# Small install, what cvsup collections?



## scottmaccal (Apr 15, 2010)

Hi all,

I just installed the latest production release (FreeBSD 8.0) using the smallest install possible option. Previously I would choose the largest install option and would upgrade my system using a cvsup mirror by way of the csup command and the standard-supfile provided in /usr/share/examples/cvsup edited to pull the src-all collection.

I'd like to be polite to the person providing the cvsup mirror and also only pull the source code I need to update my small install. Does any know what individual collections I will need to accomplish this?

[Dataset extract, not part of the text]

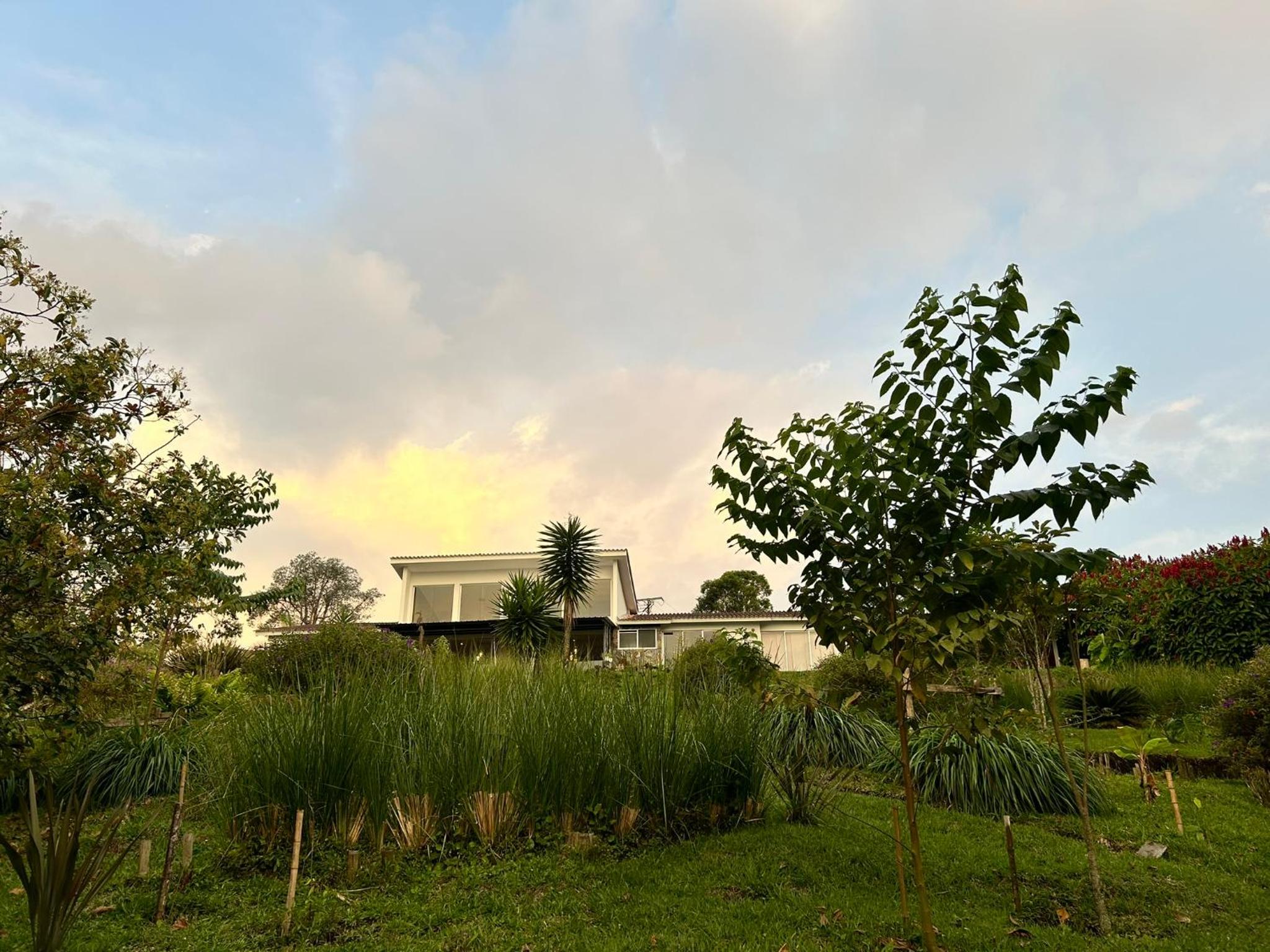 Wayra Natura, photo 145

Is there a way to determine this from the shell in my current install?


----------



## SirDice (Apr 15, 2010)

scottmaccal said:
			
		

> I'd like to be polite to the person providing the cvsup mirror and also only pull the source code I need to update my small install. Does any know what individual collections I will need to accomplish this?


Yes, src-all.

Seriously, pull in everything or you will run into weird problems when building. You can modify what gets installed with /etc/src.conf. See the src.conf(5) man page.


----------



## DutchDaemon (Apr 15, 2010)

All mirrors are located at big ISPs/organisations and/or big Internet Peering Exchange locations. Don't feel bad  Once you've pulled in src-all you'll only be doing minor downloads from then on.


----------



## scottmaccal (Apr 15, 2010)

Thank you all for the reply.


----------